Compile a Portable Optimized Binary with the Latest Instruction Set
Learn the different methods for compiling a binary with the latest instruction set while maintaining portability.
Content expert: Roman Khatko
Modern Intel® processors support instruction set extensions such as the different versions of Intel® Advanced Vector Extensions (Intel® AVX): AVX-512, AVX2, and AVX.
When compiling your application, you may consider three options based on the intended usage of your application:
- Generic binary: Compile an application for the generic x86 instruction set. As a result, the application will run on all x86 processors, but may not utilize a newer processor to its full potential.
- Native binary: Compile an application for the specific processor.
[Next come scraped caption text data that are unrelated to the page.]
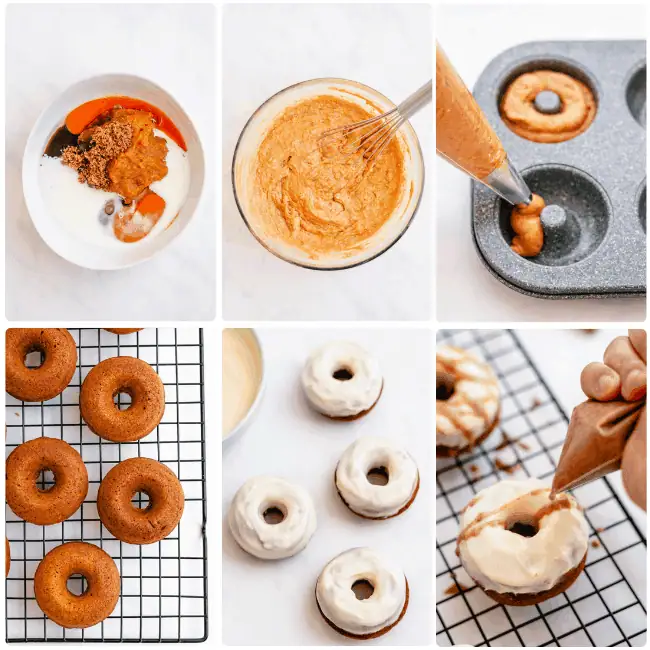 step by step instructions for pumpkin spice donuts. pumpkin spiced donuts with glaze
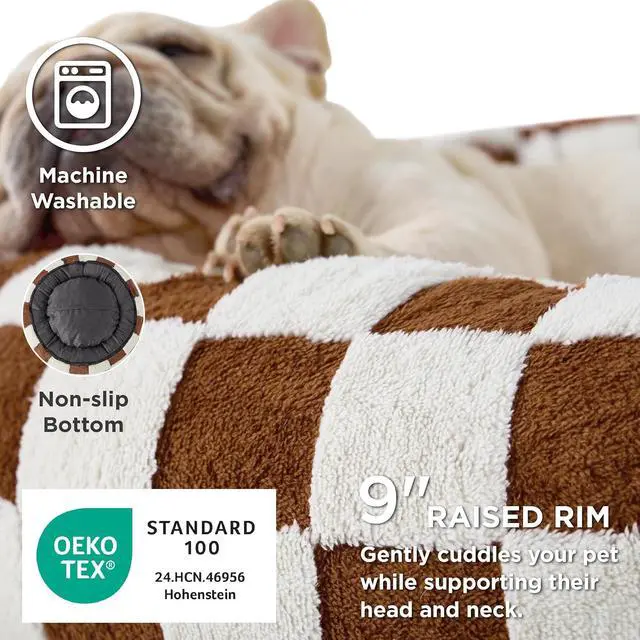 Alt view image 3 of 7 - LE SURE Shown on TV Jacquard Donut Dog Beds Extra Large,Brown 42x42x9in | XL Orthopedic Calming Pet Bed Sofa, Original Design Pattern,Washable Cover, Home Decor as Gift for Pet,Anti Slip Bottom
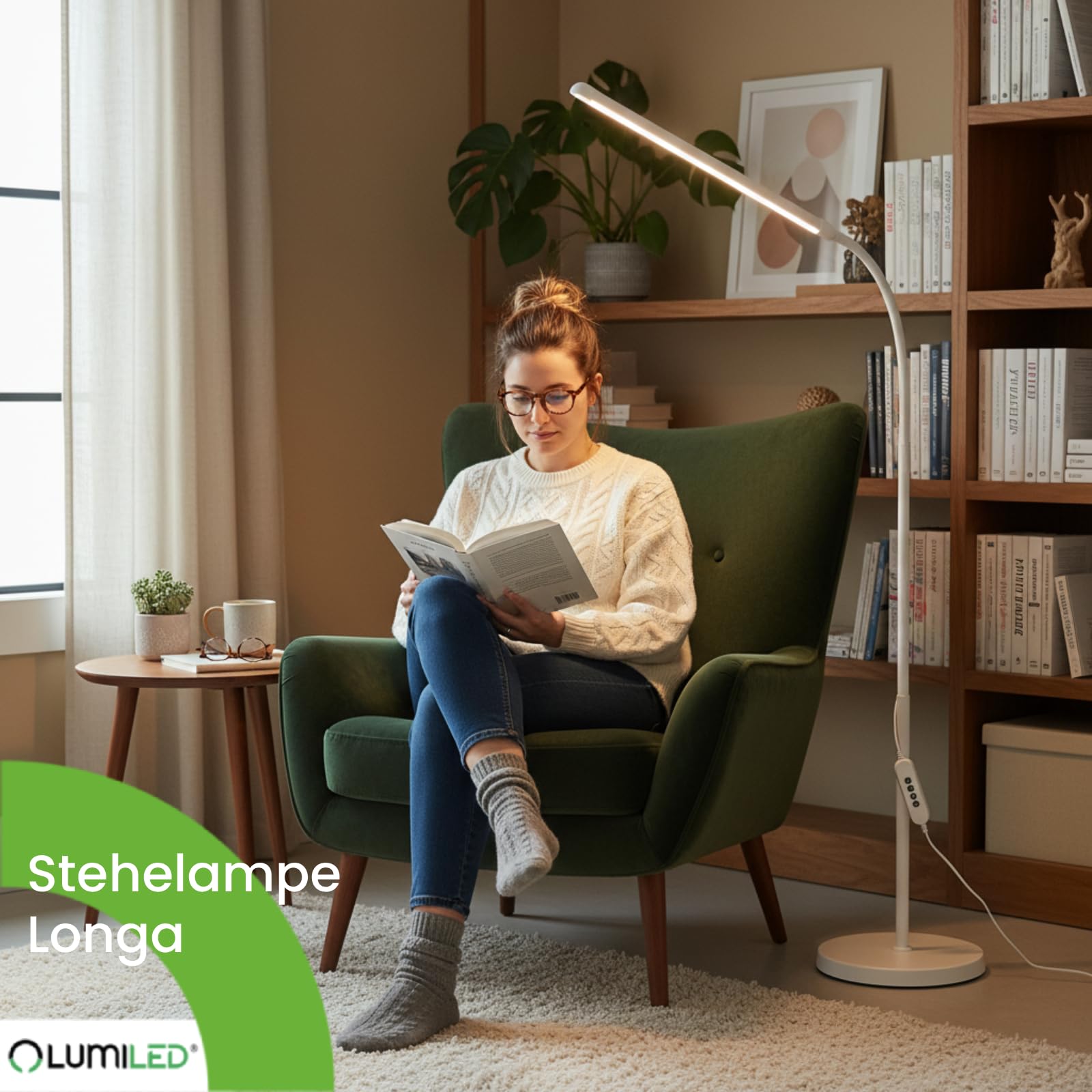Lumiled Lámpara de pie LED blanca 14 W CCT 3000 K/4500 K/6000 K regulable regulable regulable moderna lámpara de lectura lámpara de suelo con cable USB y adaptador para salón, dormitorio, oficina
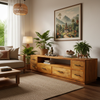 Mango Lowboard Sideboard Schrank Mangoholz Massivholz Indien Kastanienbraun Naturholz Kolonialstil Asien Asiatisch Rustikal Regal Holzregal Fernost Bild 5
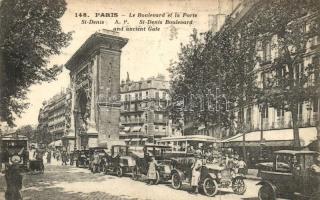 Paris, Le Boulevard, Porte St. Denis / gate, street, automobiles (fa)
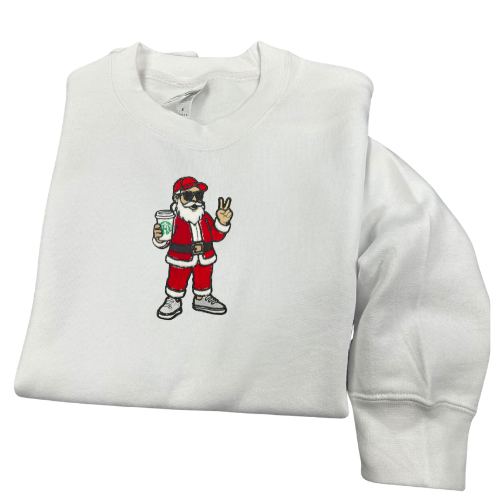 Embroidered Santa Claus sweatshirt.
As a result, the application will utilize all features of the target processor but will not run on older processors.
- Portable binary: Compile a portable optimized binary with multiple versions of functions, each targeted for different processors using compiler options and function attributes. The resulting binary will have the performance characteristics of an application compiled for a specific processor (native binary) and will run on older processors.
This recipe demonstrates how you can compile a portable binary with the performance characteristics of a native binary, while still maintaining portability of a generic binary. Over the course of this recipe, you compile both the generic and native binaries first to determine if the resulting performance improvement is large enough to justify the increase in binary size.
This recipe covers the Intel® C++ Compiler Classic and the GNU* Compiler Collection (GCC).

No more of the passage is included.